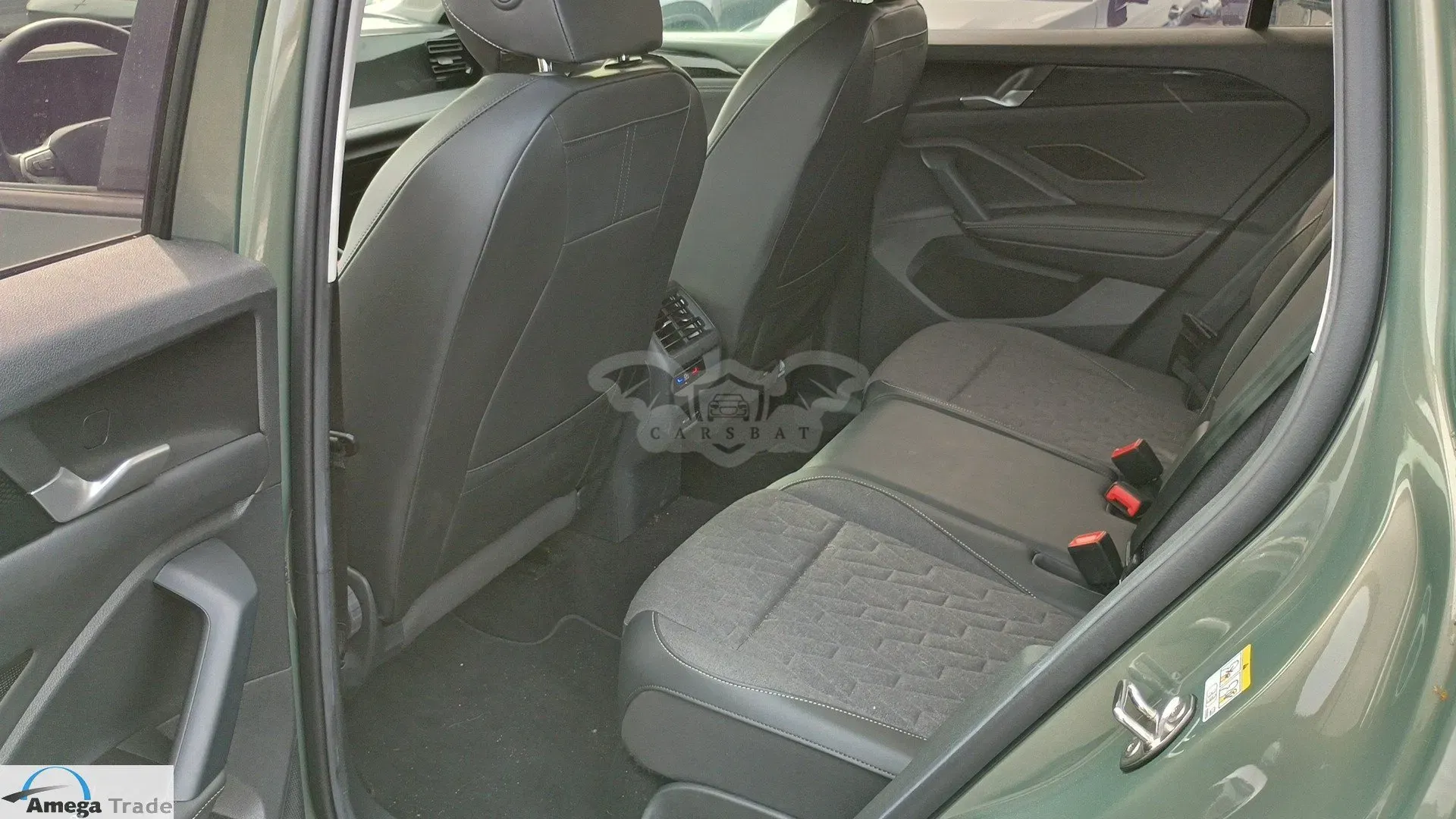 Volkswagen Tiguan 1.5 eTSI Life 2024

---

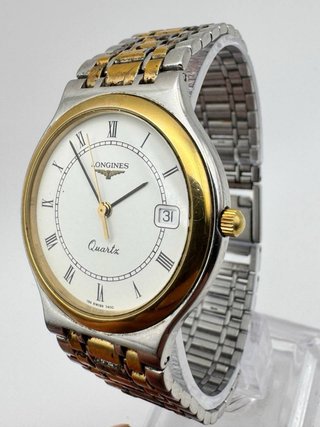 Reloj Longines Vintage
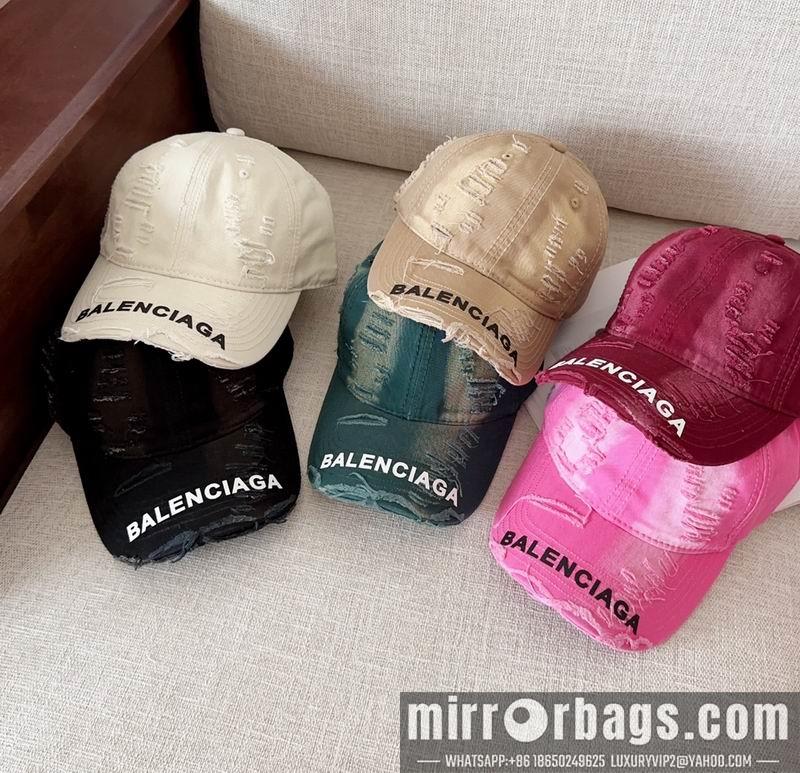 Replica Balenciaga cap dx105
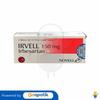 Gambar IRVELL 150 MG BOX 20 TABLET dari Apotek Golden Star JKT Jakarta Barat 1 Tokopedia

...

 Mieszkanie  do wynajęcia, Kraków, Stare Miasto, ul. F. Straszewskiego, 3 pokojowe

» WHAT IS NEEDED:
Copy word for word the lines of the records above from the one with "Reloj Longines Vintage" up to and including the one with "Gambar IRVELL 150". Skip the pictures.

» OUTPUT OF THE EXERCISE:
 Reloj Longines Vintage
 Replica Balenciaga cap dx105
 Gambar IRVELL 150 MG BOX 20 TABLET dari Apotek Golden Star JKT Jakarta Barat 1 Tokopedia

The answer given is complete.